LAGOS, 9 mars 2026 – Un tribunal fédéral nigérian a condamné à 14 ans de prison un couple reconnu coupable d’avoir exploité pendant plusieurs années une « usine à bébés » où des mineures enceintes étaient séquestrées et où les nouveau-nés étaient vendus, a-t-on appris auprès des autorités judiciaires et de l’agence nationale de lutte contre la traite.
Ogundeji Happiness Ayodele et Prince Ogundeji Abiodun ont été jugés coupables par le Tribunal fédéral d’Akure, dans le sud-ouest du pays, de dix chefs d’accusation liés à la traite des personnes et à l’exploitation de mineures, au terme d’un procès ouvert en 2014 et marqué par de nombreux reports.
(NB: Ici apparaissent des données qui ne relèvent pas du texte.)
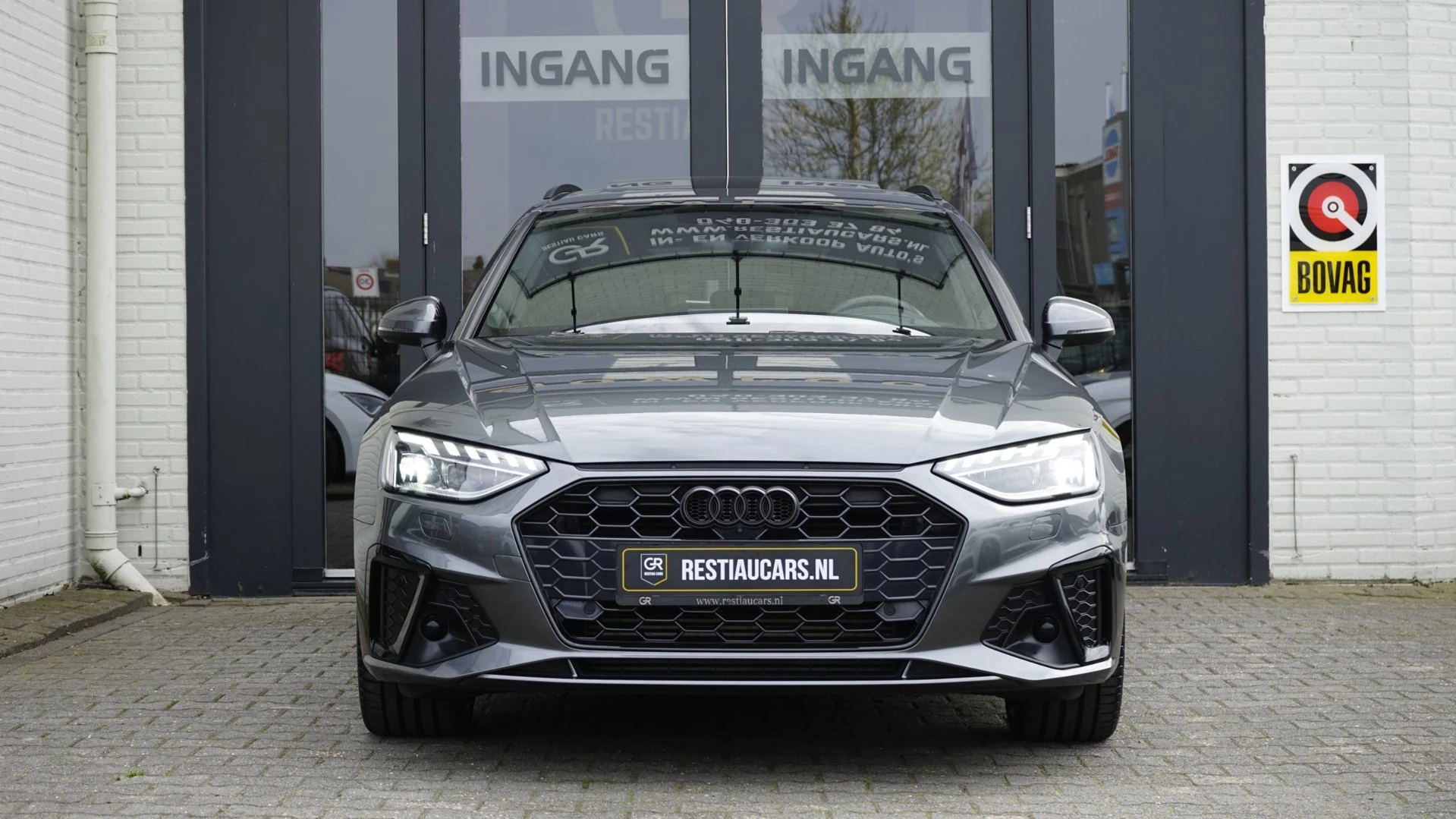 Hoofdafbeelding Audi A4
Ils ont chacun écopé de 14 ans de réclusion sans possibilité de remise de peine ni d’amende en substitution, selon le jugement rendu le 26 février.
Le dossier concerne une maison enregistrée comme foyer d’accueil au 10, rue Sarajo, à Okitipupa, dans l’État d’Ondo, qui servait en réalité de lieu de détention pour de jeunes filles enceintes, certaines mineures, retenues jusqu’à leur accouchement, selon l’Agence nationale pour l’interdiction de la traite des personnes (NAPTIP). Les bébés étaient ensuite vendus à des acheteurs dont l’identité n’a pas été rendue publique, ont indiqué les enquêteurs.
L’affaire avait éclaté en 2014 après un signalement du service de l’immigration, qui avait conduit à une opération conjointe de la police et de la NAPTIP. Sur place, les agents avaient découvert plusieurs jeunes filles et des nourrissons, ainsi que des cartes de suivi prénatal, huit véhicules, environ quatre millions de nairas en liquide, deux bungalows et une ferme avicole.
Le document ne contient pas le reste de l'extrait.